In the instant case, the actions of the defendants in refusing to permit representatives of the Office of Price Administration to inspect said records was a right and privilege guaranteed under the Constitution. However, since the Emergency Price Control Act was an emergency war measure, it was the definite intention of Congress to make said records public in nature. As a result thereof, the privilege of self-incrimination was made subservient to the interest of the public. Also, if a subpoena duces tecum had been duly issued by an authorized representative of the Office of Price Administration, in which the records or information desired pertaining to the business of the defendants was set forth, it would have been the duty of the defendants to comply therewith. This would have been subject only to the right of defendants to establish that the information or records requested would have no connection in any way whatsoever with any commodity or commodities sold by them.

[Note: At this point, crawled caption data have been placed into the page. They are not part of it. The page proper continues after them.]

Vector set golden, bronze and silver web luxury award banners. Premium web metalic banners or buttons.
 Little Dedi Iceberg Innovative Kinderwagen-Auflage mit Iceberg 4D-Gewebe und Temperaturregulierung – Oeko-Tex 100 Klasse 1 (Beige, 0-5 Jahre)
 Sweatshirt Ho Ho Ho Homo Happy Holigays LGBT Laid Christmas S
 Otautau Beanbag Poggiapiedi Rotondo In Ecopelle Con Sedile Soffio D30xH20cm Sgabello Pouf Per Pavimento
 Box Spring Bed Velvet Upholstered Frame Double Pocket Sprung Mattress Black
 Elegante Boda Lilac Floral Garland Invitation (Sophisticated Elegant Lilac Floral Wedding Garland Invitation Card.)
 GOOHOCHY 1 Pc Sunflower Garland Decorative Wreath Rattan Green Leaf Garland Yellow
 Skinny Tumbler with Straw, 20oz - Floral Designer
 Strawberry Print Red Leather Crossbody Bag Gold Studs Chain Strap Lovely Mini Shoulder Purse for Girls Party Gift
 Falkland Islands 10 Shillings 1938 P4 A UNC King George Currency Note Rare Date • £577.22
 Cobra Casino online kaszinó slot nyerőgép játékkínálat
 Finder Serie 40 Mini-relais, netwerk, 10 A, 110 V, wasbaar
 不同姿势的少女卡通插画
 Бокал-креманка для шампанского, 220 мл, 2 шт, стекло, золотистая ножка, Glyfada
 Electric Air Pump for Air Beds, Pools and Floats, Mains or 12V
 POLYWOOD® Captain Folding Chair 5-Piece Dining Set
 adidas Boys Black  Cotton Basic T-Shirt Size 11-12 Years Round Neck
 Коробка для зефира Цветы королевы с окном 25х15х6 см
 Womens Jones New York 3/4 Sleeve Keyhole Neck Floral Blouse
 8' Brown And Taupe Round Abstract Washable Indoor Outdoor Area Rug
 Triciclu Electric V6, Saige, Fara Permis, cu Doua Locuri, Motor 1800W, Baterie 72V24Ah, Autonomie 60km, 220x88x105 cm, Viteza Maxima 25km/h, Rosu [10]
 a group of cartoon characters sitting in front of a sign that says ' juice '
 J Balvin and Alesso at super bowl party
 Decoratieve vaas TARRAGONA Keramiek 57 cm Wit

Therefore, the refusal of the defendants to make available the information or records requested was not a violation of the regulations or the Act under the circumstances which exist, and the defendants, as a result thereof, did not violate any provisions of law subsequent to the issuance of the license warning notice.
Therefore, the motion of the defendants to dismiss the complaint is sustained without prejudice, however, to the Office of Price Administration to file such proceedings under the provisions of the Emergency Price Control Act of 1942, as amended, against the defendants for such other relief as might be authorized by law in connection with the violations set forth in the Complaint.
In connection with the motion for a Bill of Particulars, in view of the sustaining of the motion to dismiss, it is unnecessary for the court to consider the propriety of said motion.
An appropriate Order will be filed by the Court with this opinion.
The motion of the defendants to dismiss the complaint is sustained without prejudice, however, to the Office of Price Administration to file such proceedings under the provisions of the Emergency Price Control Act of 1942, as amended, against the defendants for such other relief as might be authorized by law in connection with the violations set forth in the Complaint.